今天實際看一下,WFP的Callout驅動的代碼。先從DriverEntry開始:
1,在DriverEntry需要創建驅動對象和設備對象,
1.1 由於不是PNP設備,需要設置創建驅動對象的標誌爲config.DriverInitFlags |= WdfDriverInitNonPnpDriver.
1.2 調用WdfDriverCreate創建驅動對象。
1.3 調用WdfControlDeviceInitAllocate通過驅動對象創建 WDFDEVICE_INIT結構體。
1.4 調用WdfDeviceInitSetDeviceType設置設備類型爲FILE_DEVICE_NETWORK.
1.5 調用WdfDeviceInitSetCharacteristics設置設備的特性爲FILE_DEVICE_SECURE_OPEN和FILE_AUTOGENERATED_DEVICE_NAME.

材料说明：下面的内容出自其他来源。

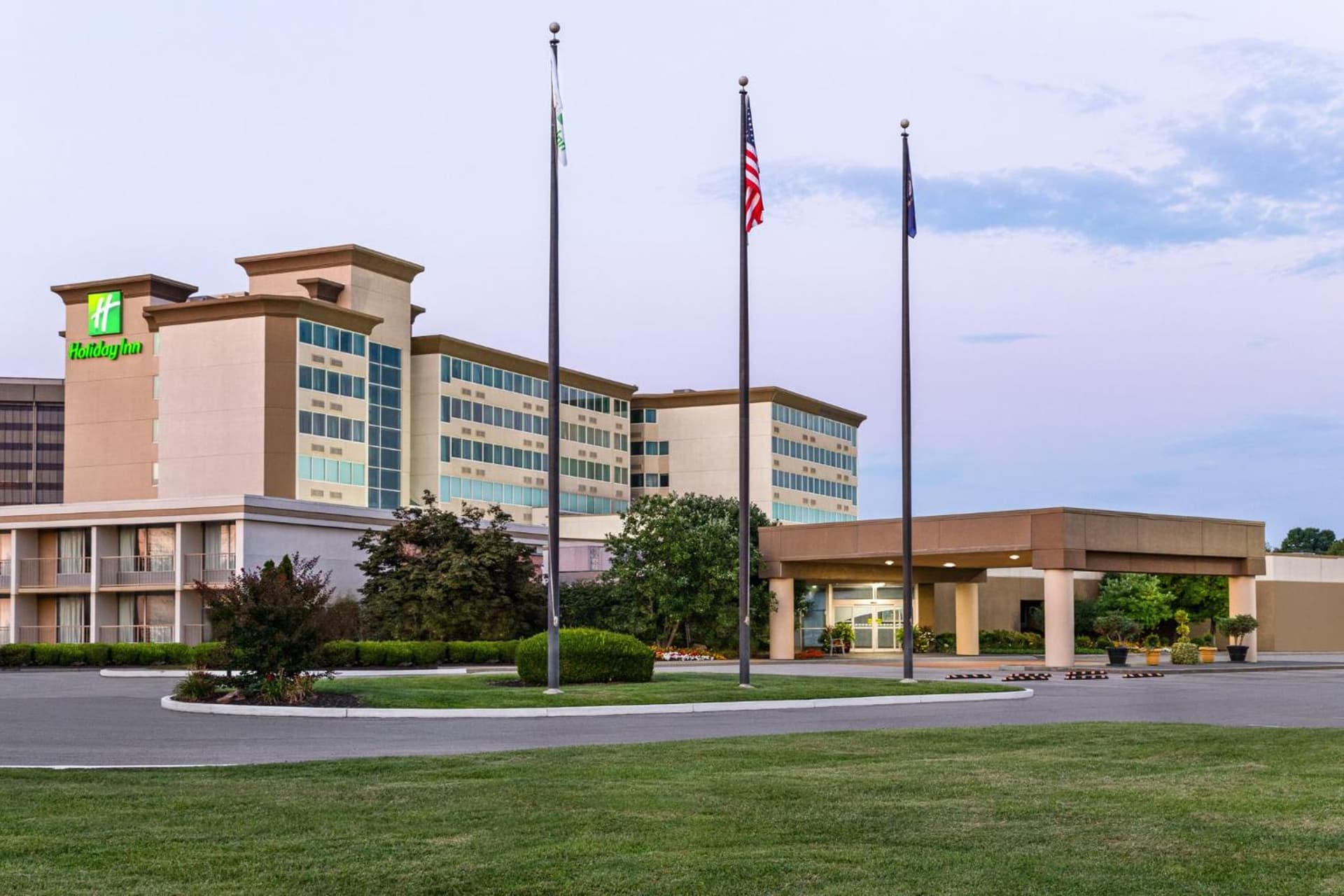 Holiday Inn Louisville East - Hurstbourne by IHG featured exterior or lobby in Louisville, KY — similar hotel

1.6 調用WdfDeviceCreate創建設備對象。
1.7 調用WdfControlFinishInitializing設置設備的初始化狀態爲完成。
1.8 調用FwpsInjectionHandleCreate創建一個檢測的句柄。並設置在哪裏完成檢查。通過在轉發層,網絡層,流層,傳輸層。
1.9 調用WdfDeviceWdmGetDeviceObject將框架設備對象轉換爲設備對象的指針。
1.10 調用FwpmEngineOpen打開一個和過濾引擎的會話,這個函數會返回一個過濾引擎的句柄。
1.11 調用FwpmTransactionBegin在當前的會話下,開始一個明確的傳輸。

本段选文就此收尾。